§ **Work item**
Word for word, repeat the lines of the records from the first line up to and including the line that contains "Ferrari F40 Supercar", passing over any pictures.

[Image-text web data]
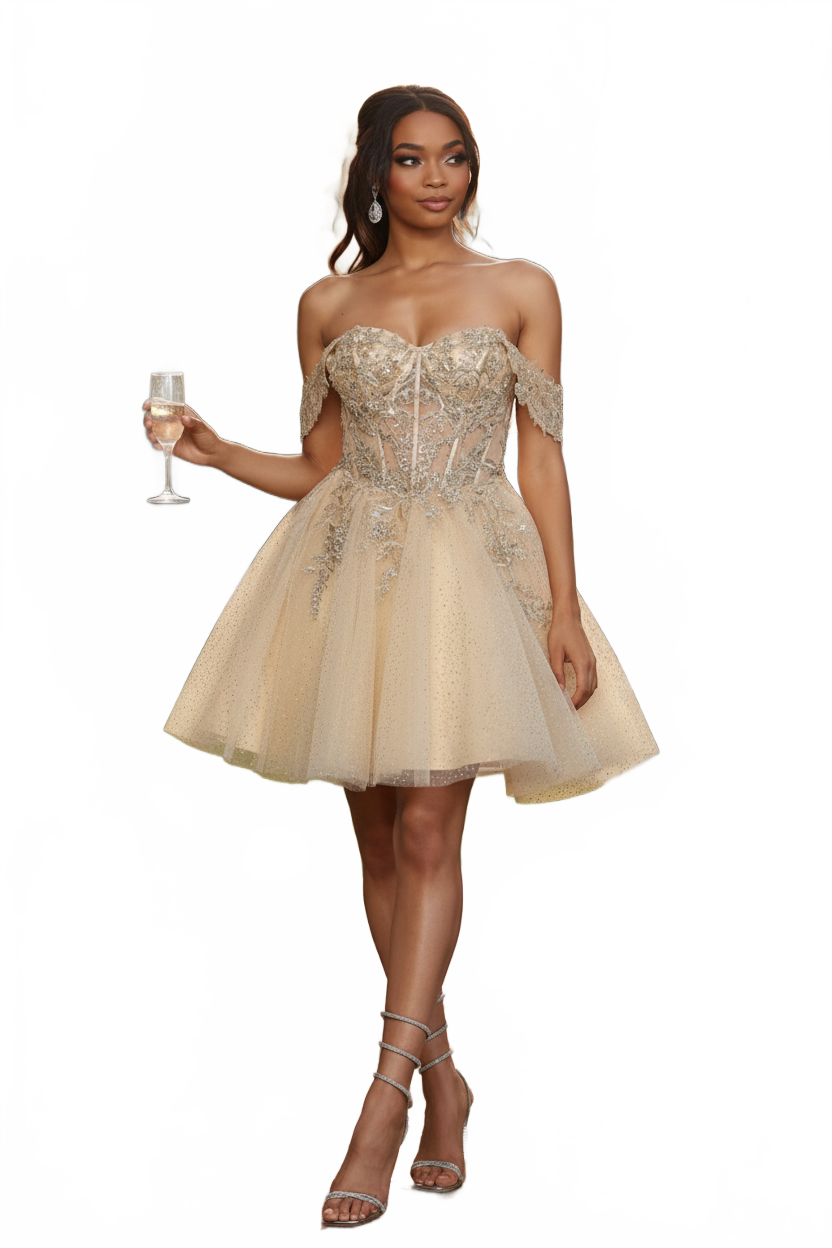 Dama Dresses for Quinceanera in Champagne Cute Quince Outfit-New Collection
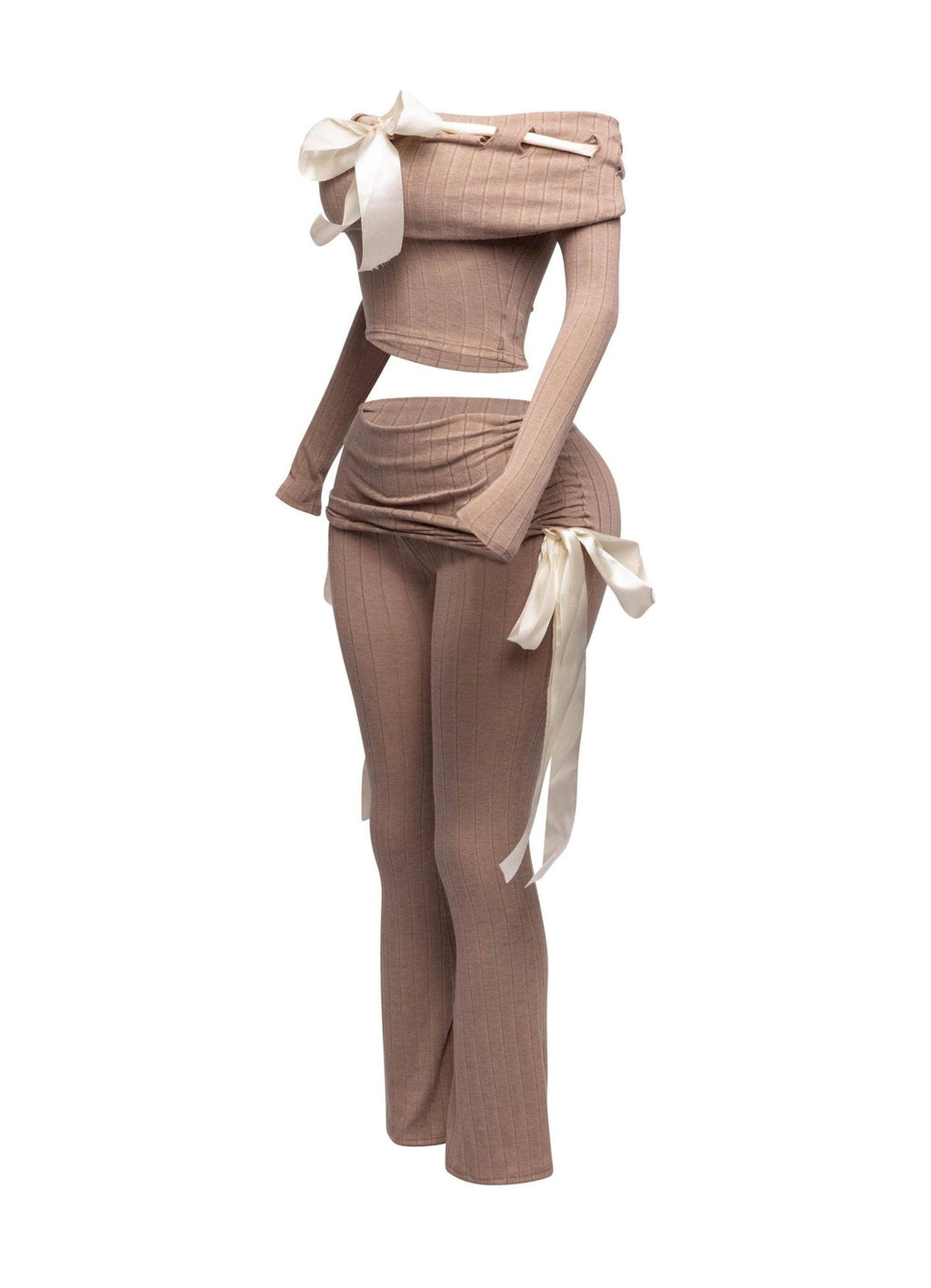 Petite It's A Wrap Pant Set With Off-Shoulder Top, Ribbon Trim, And Wide Leg Style - Unique 2-Piece Outfit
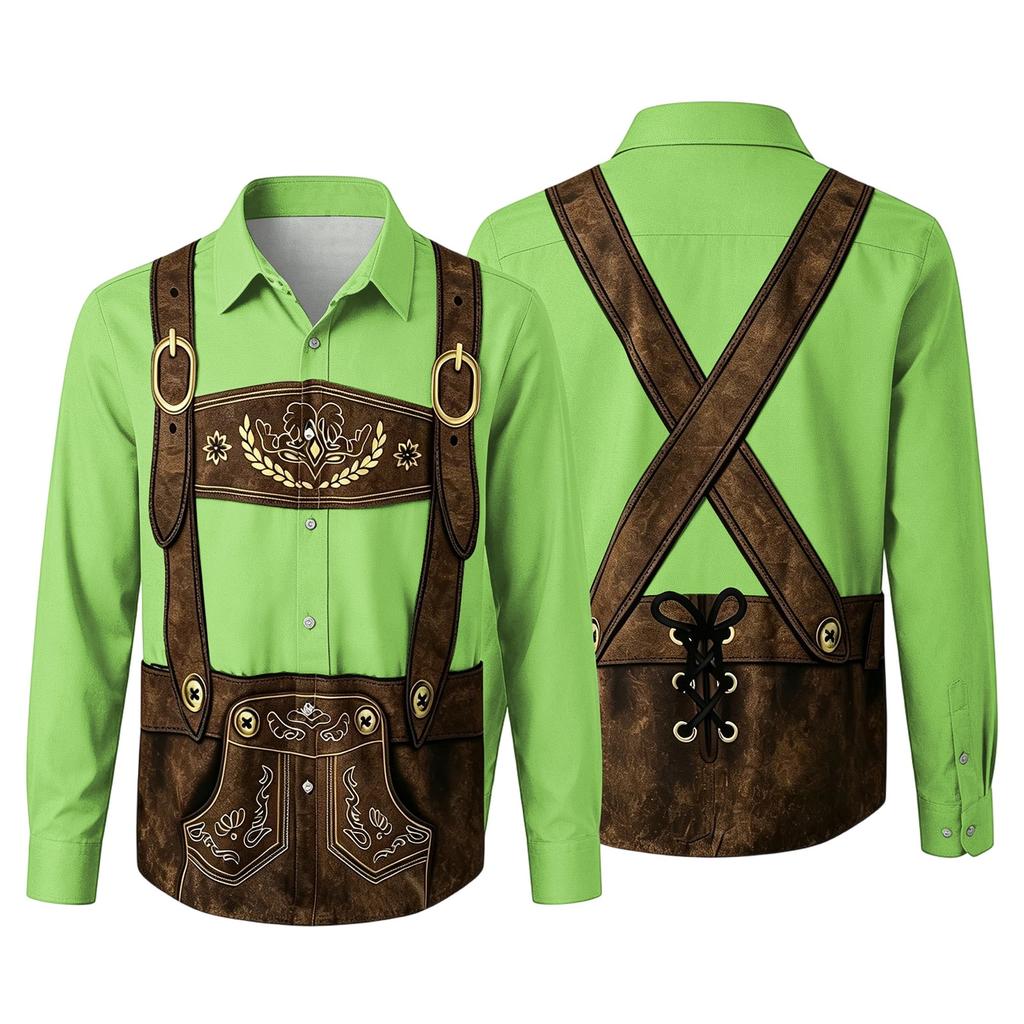 Camicia da uomo per l'Oktoberfest con stampa 3D, vestibilità larga, manica lunga, colletto, casual, stile vintage, traspirante, per lavoro, festival all'aperto, festa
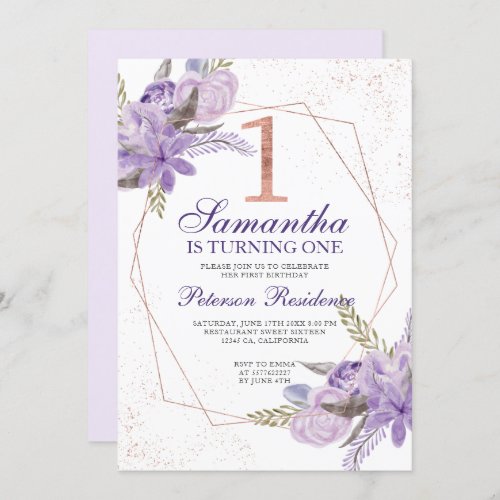 Rose gold purple floral watercolor 1st birthday invitation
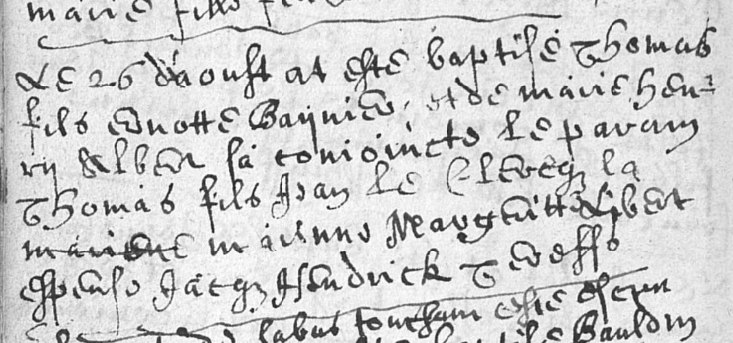 Acte de naissance de Thomas BAIWIR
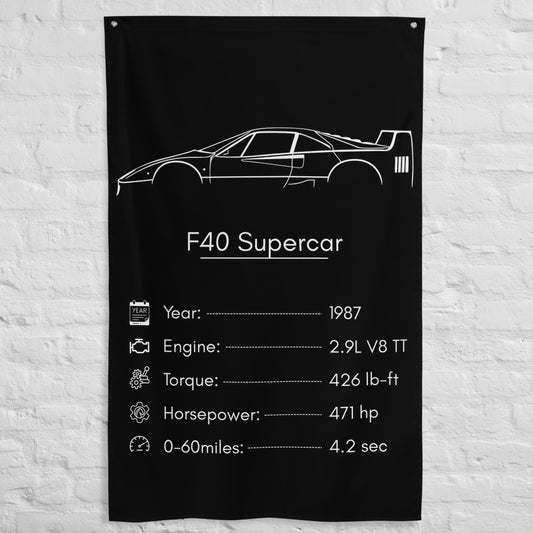 Ferrari F40 Supercar 1987 car silhouette spec flag - White Brick Wall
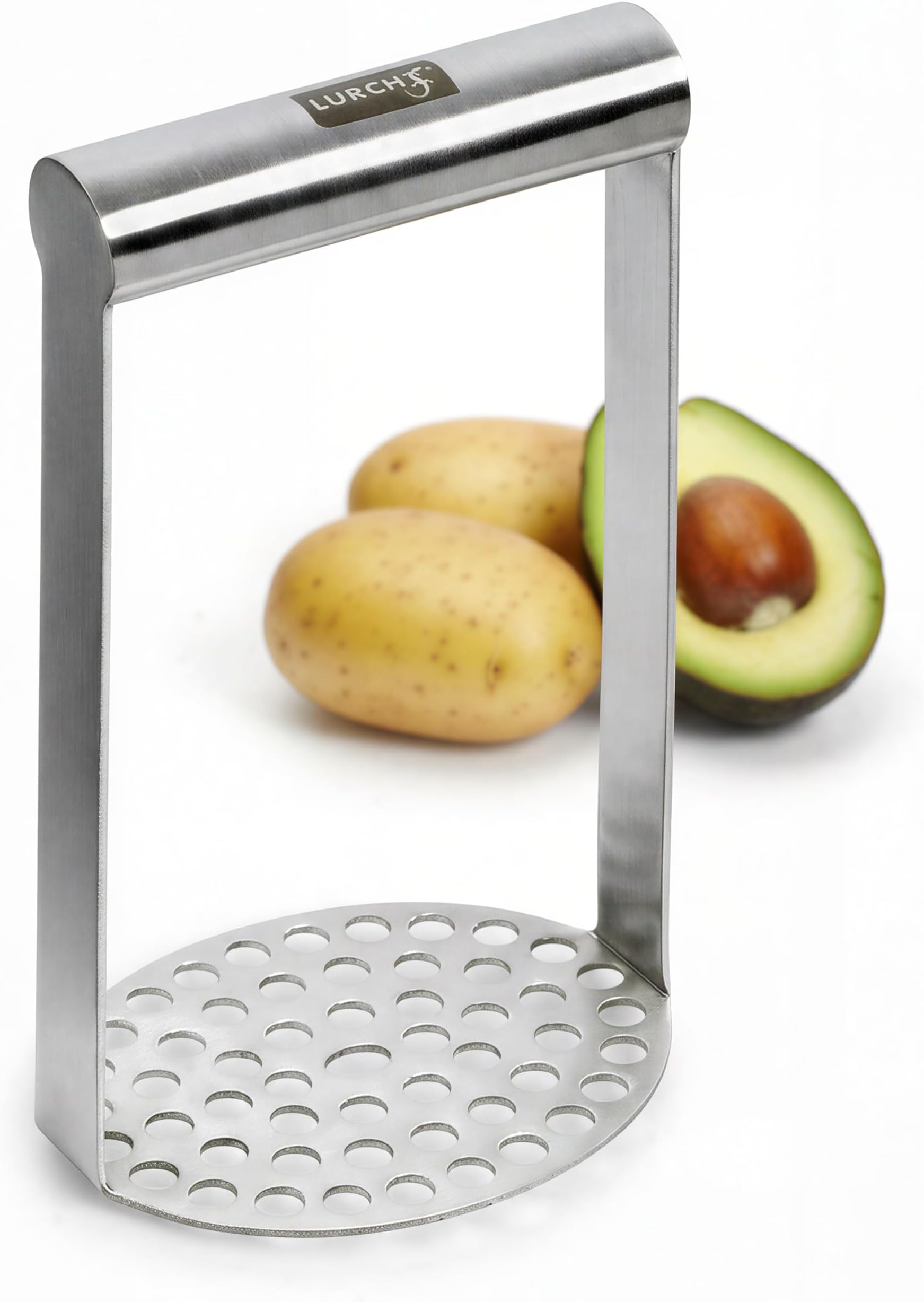 Germany Heavy Duty Potato Masher With Horizontal Handle | Avocado Masher | Versatile Food Masher For Vegetable | Made of Durable Stainless Steel | 7.5 Inches - Silver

§ **Task response**
 Dama Dresses for Quinceanera in Champagne Cute Quince Outfit-New Collection
 Petite It's A Wrap Pant Set With Off-Shoulder Top, Ribbon Trim, And Wide Leg Style - Unique 2-Piece Outfit
 Camicia da uomo per l'Oktoberfest con stampa 3D, vestibilità larga, manica lunga, colletto, casual, stile vintage, traspirante, per lavoro, festival all'aperto, festa
 Rose gold purple floral watercolor 1st birthday invitation
 Acte de naissance de Thomas BAIWIR
 Ferrari F40 Supercar 1987 car silhouette spec flag - White Brick Wall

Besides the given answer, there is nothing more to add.